A lawyer recalls how a group of mistreated farmers stood up to the U.S. government—and forced changes in federal law—by joining forces in a class-action lawsuit.
Few people today may recall the severity of the nationwide crisis that led to the Farm Aid benefit concerts and eventually to the Agricultural Credit Act of 1987, which curbed some of the injustices that fueled it. This welcome refresher course focuses on a pivotal class-action lawsuit by farmers (Coleman v. Block), blending courtroom drama with a memoir by the plaintiffs’ lead counsel, a young single mother who not only had never tried a case, but hadn’t set foot in a courtroom. Vogel had returned to her native North Dakota from a government job in Washington, D.C., when farmers began contacting her about unfair or illegal actions by the Farmers Home Administration, a federal agency that made loans to family farmers.

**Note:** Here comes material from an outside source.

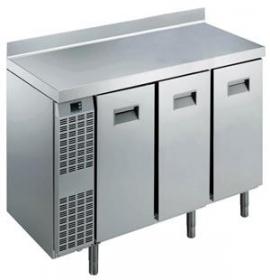 Table froide 3 portes avec dosseret - Température -2°C à +10°C - R404a - Référence 726188_0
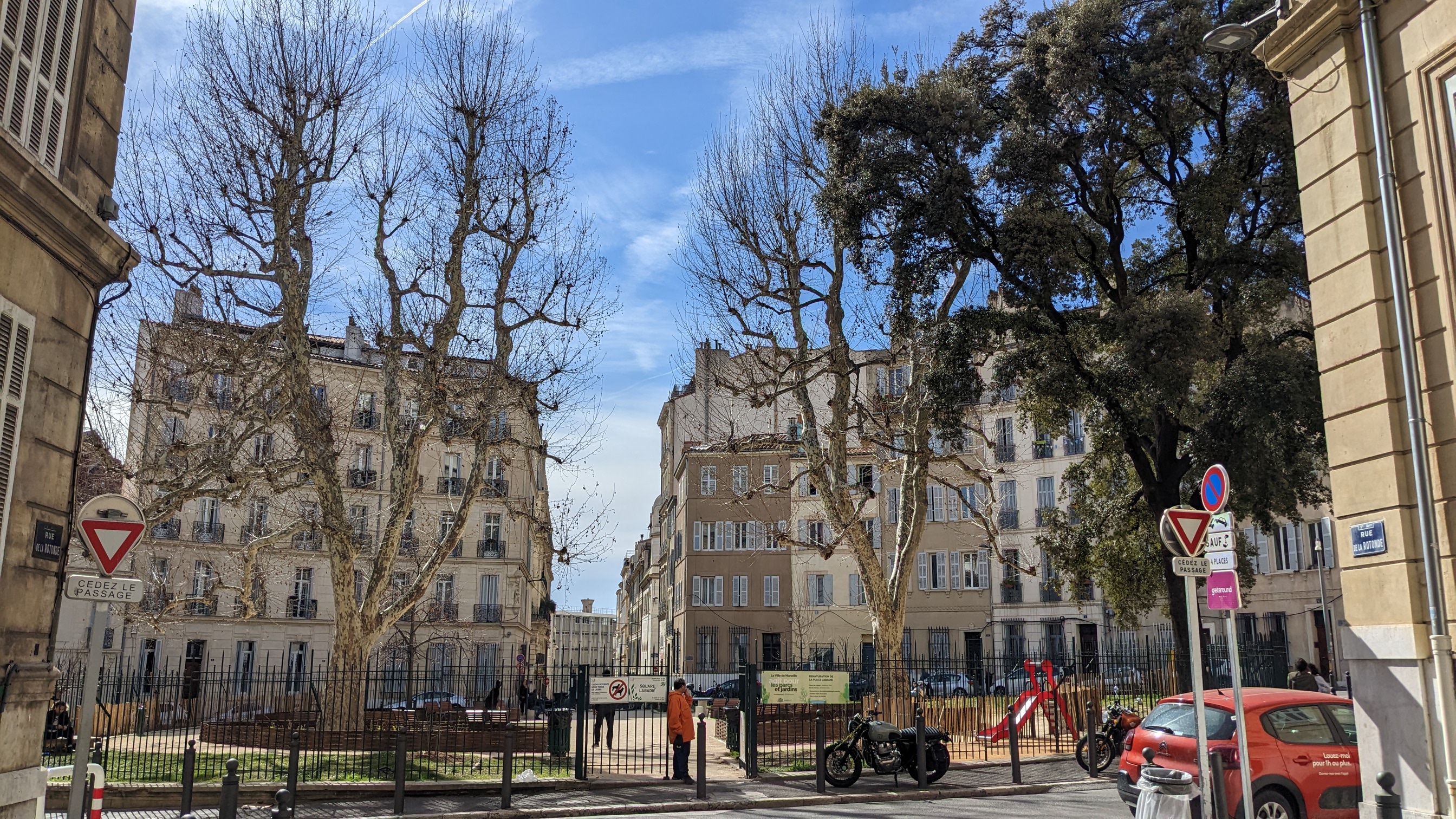 Balade à travers le quartier les Réformés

Pressured by the Reagan administration to slash farm aid, the agency dealt harshly with farmers who fell behind on loan repayments, often because of drought or other natural disasters. It emptied farmers’ bank accounts, seized money they needed to feed their cattle or families, and foreclosed on those only one payment behind on real estate debt. It also failed to give farmers proper notice of legal actions against them and turned hearings on their grievances into kangaroo courts run by people who’d been involved in the unfair actions against them. Vogel lost her house while representing the farmers, most of whom couldn’t pay her, but she saw impressive displays of rural grit and solidarity and later became North Dakota’s first female agriculture commissioner. Though this memoir lacks the literary flair of books like Jonathan Harr’s A Civil Action, it’s a brave attorney’s clear and thorough story of the power of collective legal action that belongs in every law library.
A well-documented eyewitness account of egregious injustices to family farmers.